As a group, PTO and PTA leaders tend to be a passionate lot. We wouldn’t be doing this often underappreciated, always time-consuming, and always underpaid work if we didn’t have a passion for our schools and the kids.

But that same passion can be a problem for our groups if we take it too far. Your next big idea and your plans for your group have to fit within a very complicated ecosystem at your school—one filled with a variety of needs, different personalities, and an ever-changing set of priorities and challenges.

If you ignore all of those issues within your school and focus only on what your PTO or PTA needs, then you are sure to run into temporary roadblocks and—worse yet—long-term difficulties finding the support you need to thrive. As a leader of your group, you need to make sure you’re thinking about your school as a whole first, and your group’s needs second.

In the end, taking others’ needs into consideration is actually the best way for your group to reach its own goals.
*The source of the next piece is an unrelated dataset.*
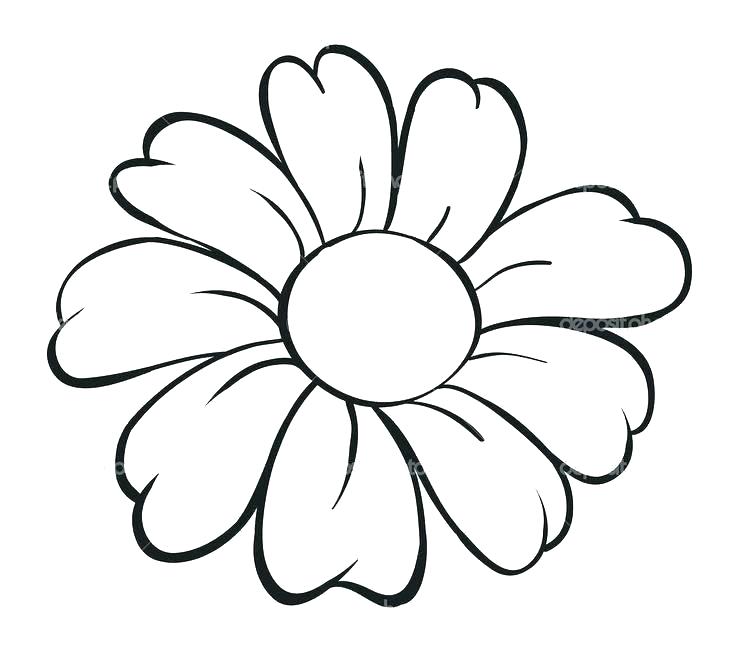 736x648 Easy Pretty Drawings Of Flowers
The key question for your group: Is our goal to make our school as great a place for our children as it can be? Or is it to make our parent group as powerful as can be? These are very different goals.

This kind of perspective helps uncover the whys behind some basic PTO and PTA questions.

You may get frustrated when your principal doesn’t approve your every idea. But perhaps he is dealing with a ton of budget pressure during a particular month or a vexing staff issue with the teachers union. For your group to succeed for the long-term, you simply have to be aware of, and plan around, the real concerns of your principal.

Even smaller concerns should be considered, whether they are about your principal, school staff, or other parents. If your principal doesn’t like public speaking, for example, make sure your group has an emcee for every event. When it’s time to set your group’s calendar, collaborate with your principal and the entire breadth of school schedulers (drama club director, chorus director, and so on) rather than insisting on dates that only work for the parent volunteers. Make it a habit to ask how your goals and needs fit within the school ecosystem.

This kind of thinking will help you with many other frequent dilemmas. I hear from many schools where fundraising efforts overlap. The PTO thinks it’s being careful by holding only four fundraisers, but the drama club also has a big sale, the sports teams each have their own, and the principal runs a magazine sale separately, as well.

Is it any wonder in those schools that parents feel burnt out by fundraising? We know that’s not your goal, so communication and compromise both have to be part of the equation.

How do teachers feel about your efforts? If you really want to make a long-term connection with teachers, ask these three questions, and then make plans with the answers in mind: 1. Which of our current efforts do you like most? 2. Are there any systems or habits of our group that are a real pain for you or are your least favorite? 3. Do you have  school or classroom goals that we could help with?

We’ve seen groups that have added three different reading initiatives (a family reading night, an all-school reading incentive program, and a book club, for example) after the teachers mentioned that getting the whole school to read more was the big goal of the school year. And PTO-teacher teamwork really took off. The same can hold true on smaller efforts like changing fundraiser order systems or adding an organized teacher wish list program.

Your new approach should extend throughout the school. What are the needs and concerns of the office staff? The cafeteria and janitorial staff? All of these subsets within your school have important jobs and their own set of priorities and pet peeves.

Thinking of your group as a key cog among many key cogs, as opposed to a group of volunteers who should have their every thought supported with a smile, will make you a much more well-liked and effective part of your successful school.